(Items from a dataset)
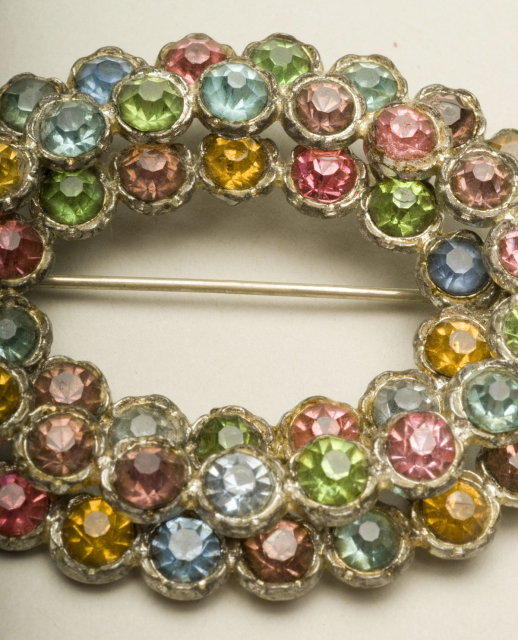 Vintage Multi-Color Rhinestone Oval Wreath Brooch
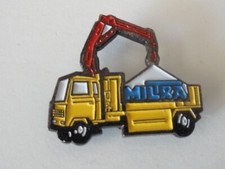 PIN S TRUCK DUMP TRUCK CRANE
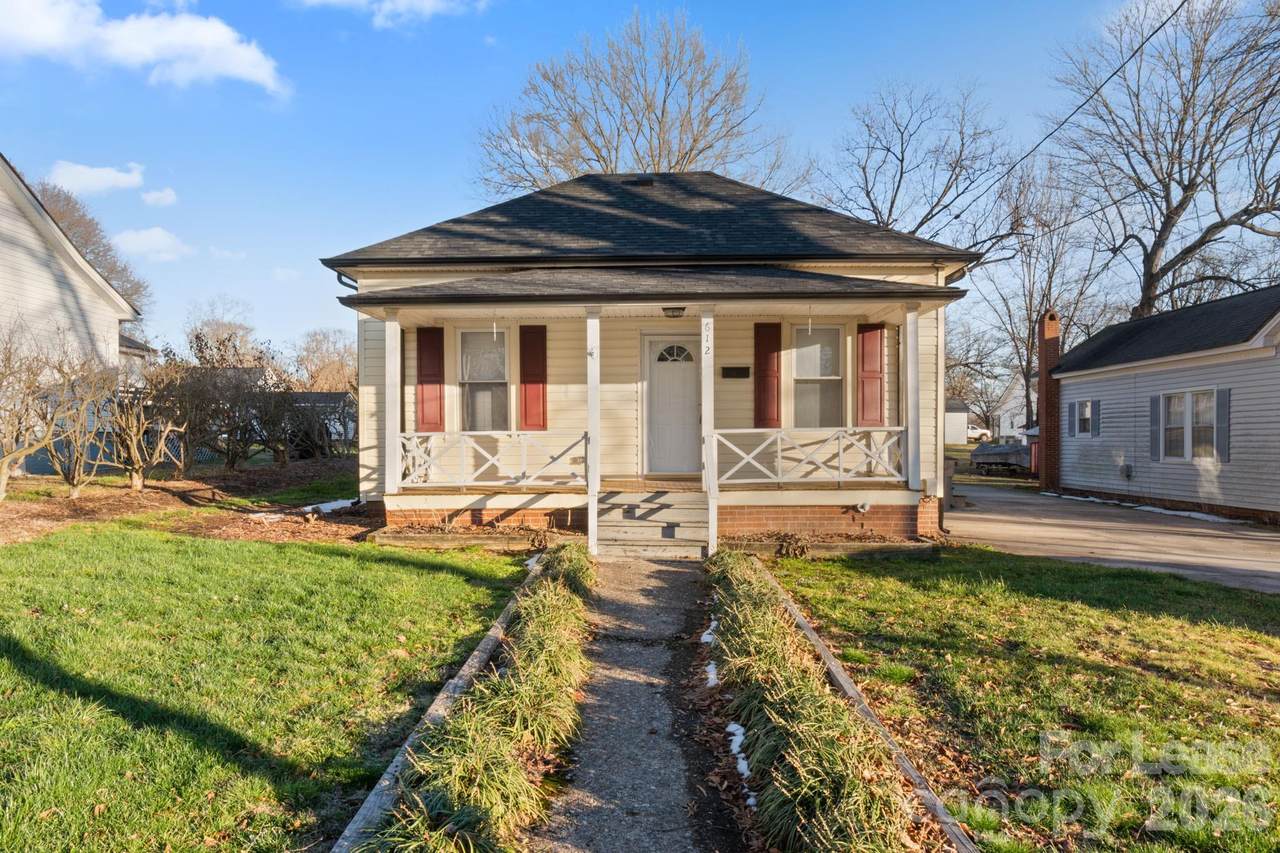612 Poplar Avenue - Photo 1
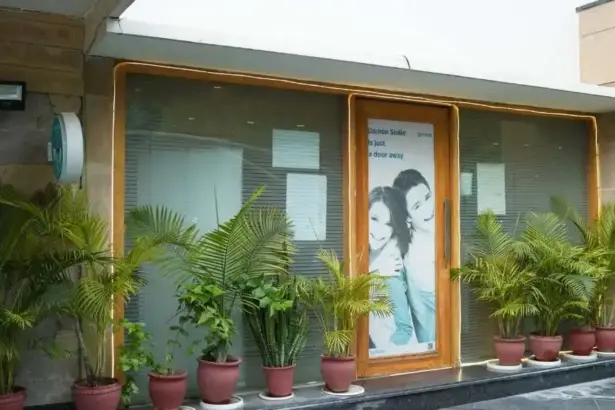 aggarwal-dental-care
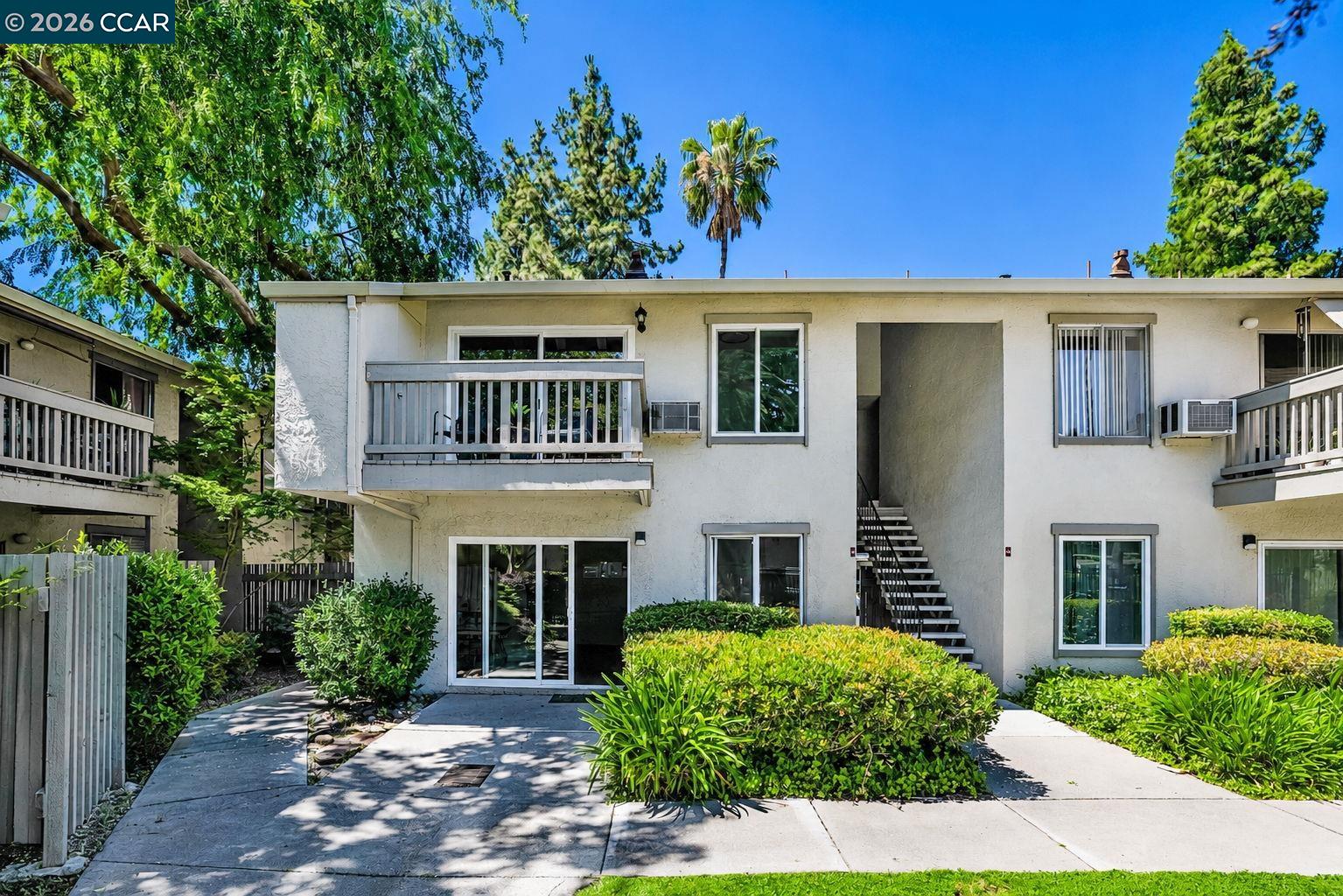 2564 Walnut Blvd # 116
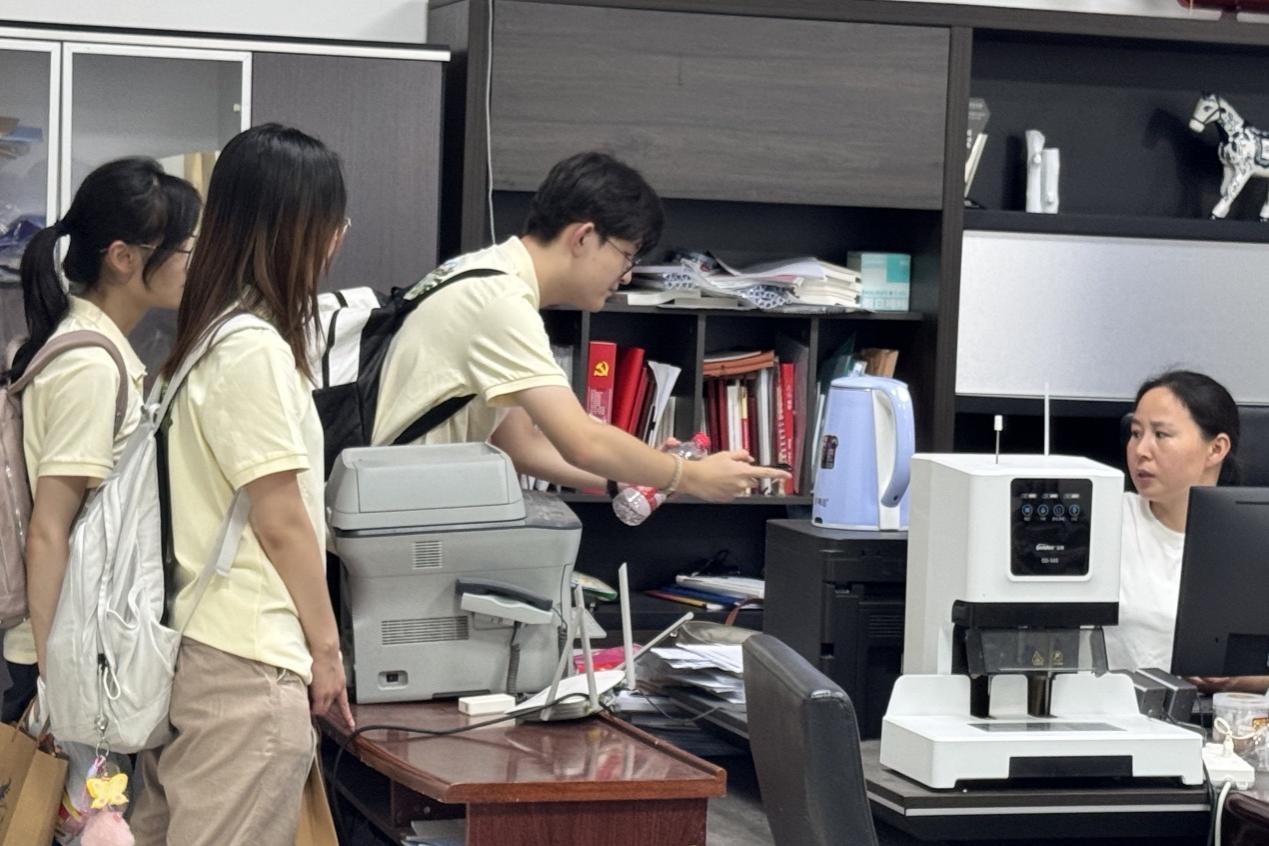 湖南师范大学“资畔云志”暑期社会实践团开展蓝印花布调研活动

Problem to solve: Could you reproduce every record above exactly, leaving out any pictures?

Answer:
 Vintage Multi-Color Rhinestone Oval Wreath Brooch
 PIN S TRUCK DUMP TRUCK CRANE
612 Poplar Avenue - Photo 1
 aggarwal-dental-care
 2564 Walnut Blvd # 116
 湖南师范大学“资畔云志”暑期社会实践团开展蓝印花布调研活动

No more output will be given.